SUPPLIED MATERIAL

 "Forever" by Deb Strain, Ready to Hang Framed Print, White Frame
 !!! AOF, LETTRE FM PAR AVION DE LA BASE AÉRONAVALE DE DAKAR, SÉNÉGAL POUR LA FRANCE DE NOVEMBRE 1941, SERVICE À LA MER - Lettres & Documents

--

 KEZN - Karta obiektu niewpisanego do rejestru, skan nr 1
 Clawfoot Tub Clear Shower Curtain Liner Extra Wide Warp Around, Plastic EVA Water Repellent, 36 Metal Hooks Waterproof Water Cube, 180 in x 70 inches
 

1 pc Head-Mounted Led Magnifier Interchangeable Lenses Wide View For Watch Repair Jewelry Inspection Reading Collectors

TASK BRIEF
Above are the entries. Quote exactly the lines from the one bearing "Print, White Frame" through the one bearing "Lettres & Documents".

OUTPUT OF THE EXERCISE
 "Forever" by Deb Strain, Ready to Hang Framed Print, White Frame
 !!! AOF, LETTRE FM PAR AVION DE LA BASE AÉRONAVALE DE DAKAR, SÉNÉGAL POUR LA FRANCE DE NOVEMBRE 1941, SERVICE À LA MER - Lettres & Documents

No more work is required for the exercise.